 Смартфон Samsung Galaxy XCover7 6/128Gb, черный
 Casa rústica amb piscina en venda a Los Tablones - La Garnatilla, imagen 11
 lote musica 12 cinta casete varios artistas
==
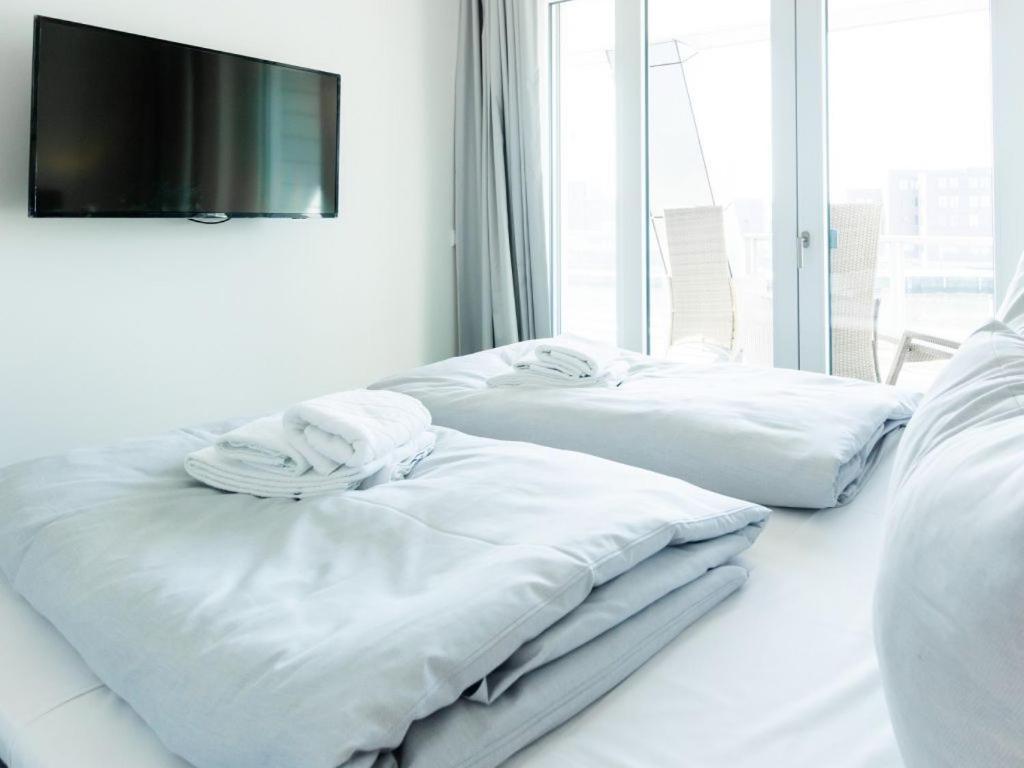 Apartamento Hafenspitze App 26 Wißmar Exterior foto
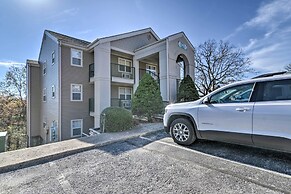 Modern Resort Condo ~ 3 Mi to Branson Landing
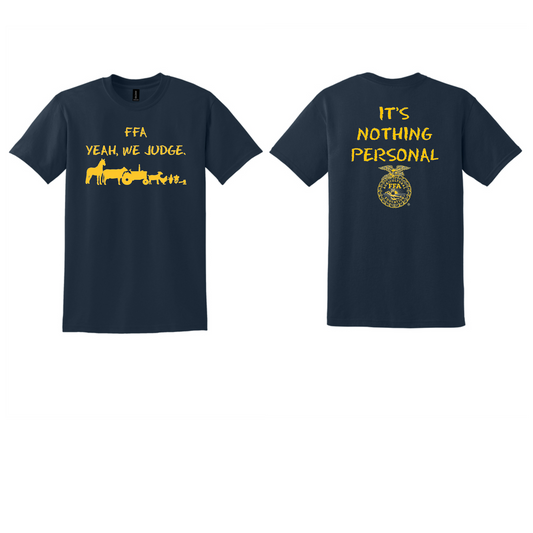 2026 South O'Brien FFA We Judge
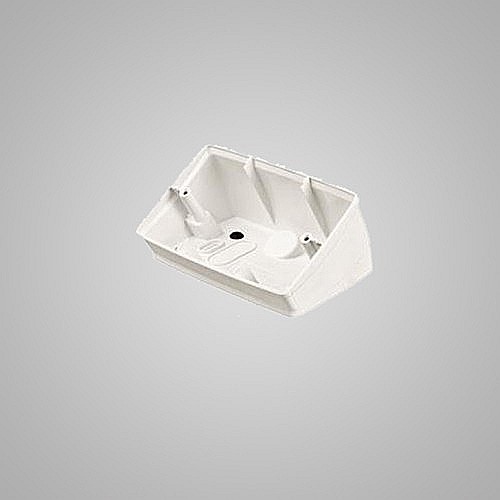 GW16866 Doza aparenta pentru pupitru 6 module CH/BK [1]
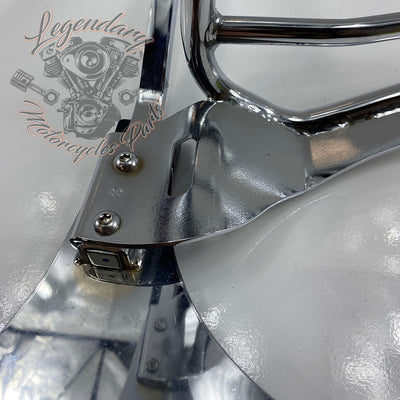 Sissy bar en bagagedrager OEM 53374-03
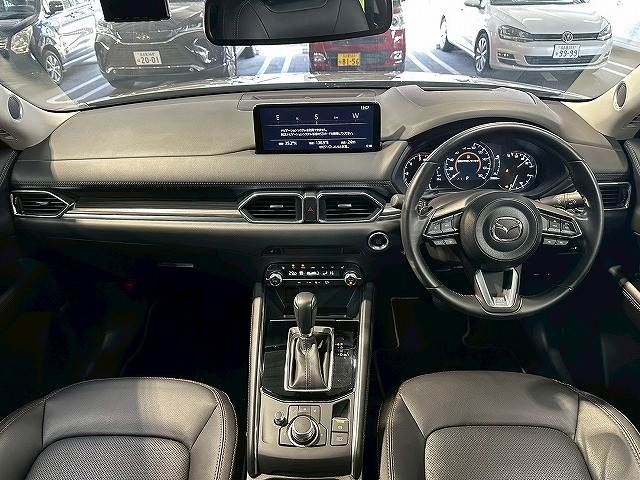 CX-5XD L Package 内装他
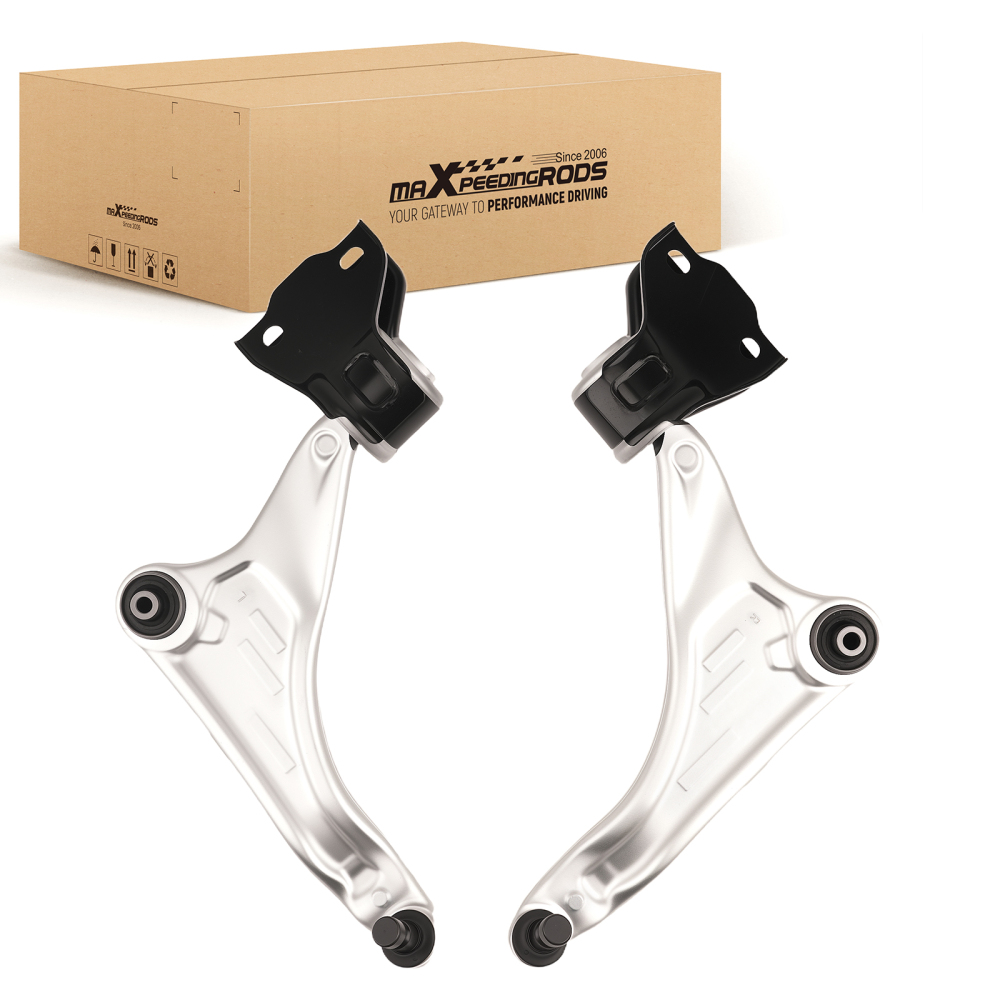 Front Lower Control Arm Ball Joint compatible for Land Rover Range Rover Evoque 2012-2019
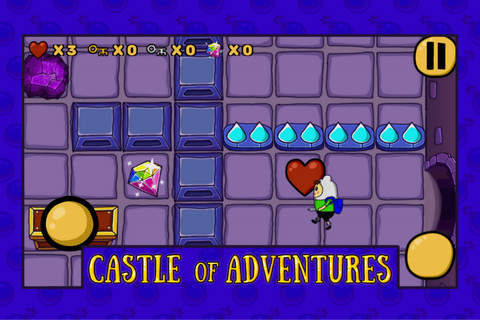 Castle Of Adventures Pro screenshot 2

■ **What you are asked to do**
What you return must be an exact retyping of the lines above starting at the line with "Смартфон Samsung Galaxy" and ending at the line with "lote musica 12 cinta casete varios artistas", and nothing besides.

■ **Expected answer**
 Смартфон Samsung Galaxy XCover7 6/128Gb, черный
 Casa rústica amb piscina en venda a Los Tablones - La Garnatilla, imagen 11
 lote musica 12 cinta casete varios artistas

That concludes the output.